W UDSK wprowadzono zajęcia dogoterapii. Pierwsze zajęcia prowadzone w Klinice Pediatrii i Onkologii już się odbyły. Poprowadził je owczarek węgierski mudi – Trufel.
Pomysł wprowadzenia takich nietypowych zajęć wypłynął od kierowniczki kliniki – dr Małgorzaty Sawickiej-Żukowskiej, która będąc na stażu w szpitalu Sant Joan de Déu w Barcelonie (Hiszpania) zobaczyła psy, które pracowały z pacjentami. Czworonogi różnych raz na co dzień towarzyszyły pacjentom onkologicznym. Zwierzęta były rzecz jasna specjalnie szkolone, by umiejętnie im pomagać.
- One redukują stres, zmniejszają napięcie u pacjentów. Tam te psy są nawet w gabinetach zabiegowych podczas pobierania krwi. Leżą na kolanach u dzieci, po to, żeby minimalizować u nich stres i niepokój związany z procedurami bólowymi – tłumaczy dr Małgorzata
Sawicka-Żukowska.
W trakcie zajęć nie wolno było głaskać psa
Pierwsze zajęcia z dogoterapii w UDSK odbyły się w środę (7 maja). Zorganizowano je na placu zabaw przy klinice. Z tego względu udział w nich wzięli tylko ci pacjenci, których zdrowie pozwalało wyjść na zewnątrz. Trufel, który je poprowadził jest spokojny i przyjazny. Zaprezentował dzieciom swoje umiejętności, w tym przytulanie pluszowego misia. W trakcie zajęć nie można było jednak głaskać czworonoga i było to jeden z elementów zajęć, by uczyć dzieci odpowiedzialności w kontaktach ze zwierzętami.
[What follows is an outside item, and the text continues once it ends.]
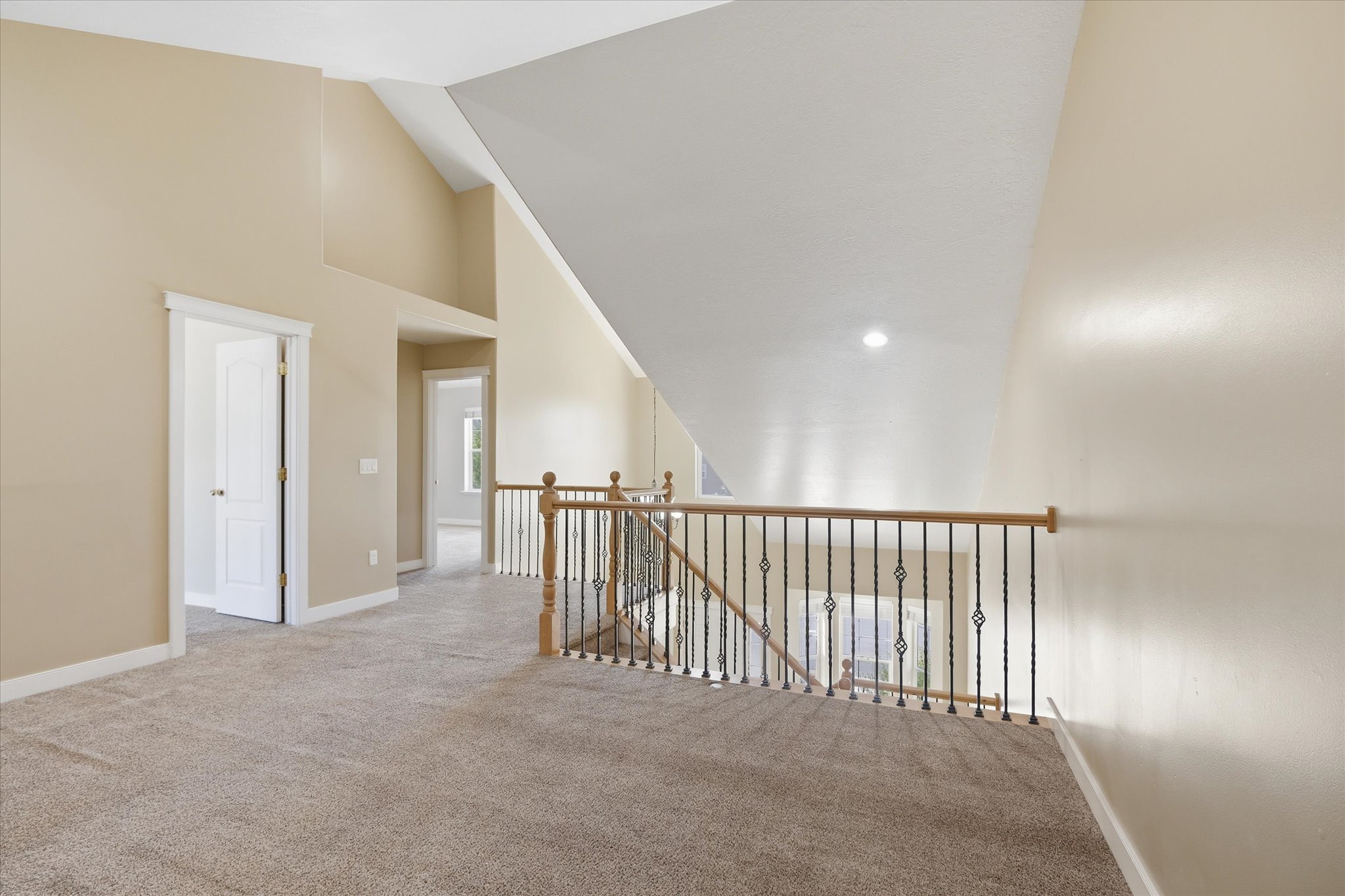Upper-level landing featuring vaulted ceilings, neutral-toned carpeting, and a decorative wrought iron and wood baluster railing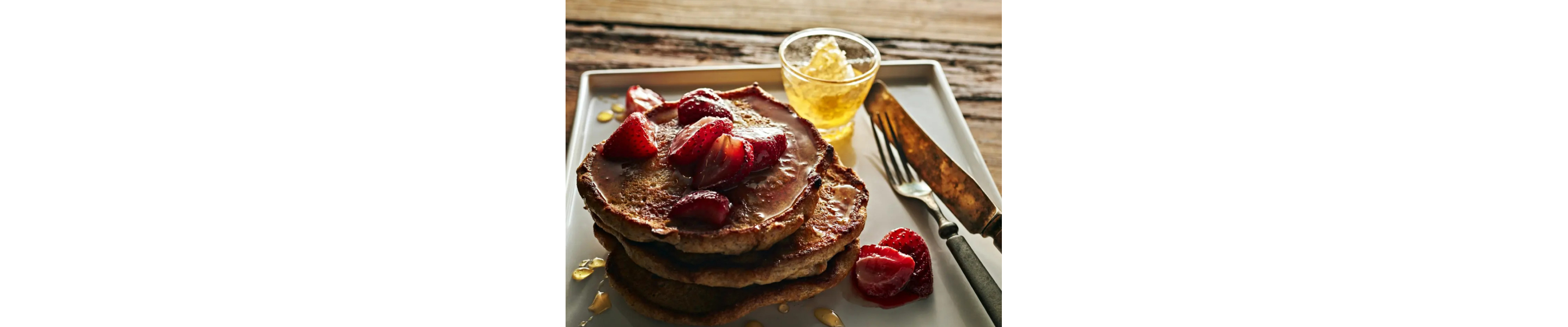 Lemon ricotta rye pancakes topped with sliced strawberries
- Dogoterapia jest bardzo szerokim pojęciem. Są to zajęcia edukacyjne, ale też zajęcia terapeutyczne. My największe sukcesy, wręcz spektakularne, mamy pracując z osobami z mózgowym porażeniem dziecięcym, np. czterokończynowym. Tam te dzieci są w stanie czytać, pisać, komunikować się właśnie przy udziale psa – wyjaśnia prowadząca zajęcia Gabriela Drwięga, dogoterapeutka z Fundacji Psi
Uśmiech.
Korzyści dogoterapii dostrzega też kierowniczka kliniki, która podkreśla, że zwierzęta są pomocne w leczeniu chorych.
- Kiedyś faktycznie były takie tendencje, żeby izolować zwierzęta domowe w trakcie leczenia nowotworowego. Teraz się od tego odchodzi. Wszystko dlatego, że więcej uwagi przykłada się obecnie do jakości życia pacjentów. Takie zwierzę, a wielu naszych pacjentów ma pieski w domach, to redukcja stresu, a izolowanie się od czasem, najlepszego przyjaciela przynosi dużo większą krzywdę niż korzyść – dodaje dr Sawicka-Żukowska.
Dogoterapia w UDSK będzie odbywać się teraz w każdą środę. W kolejnym spotkaniu z dziećmi udział weźmie labrador.
W Klinice Pediatrii Onkologii i Hematologii prowadzonych jest kilka ciekawych i dość nietypowych projektów, jak np. muzykoterapia i arteterapia.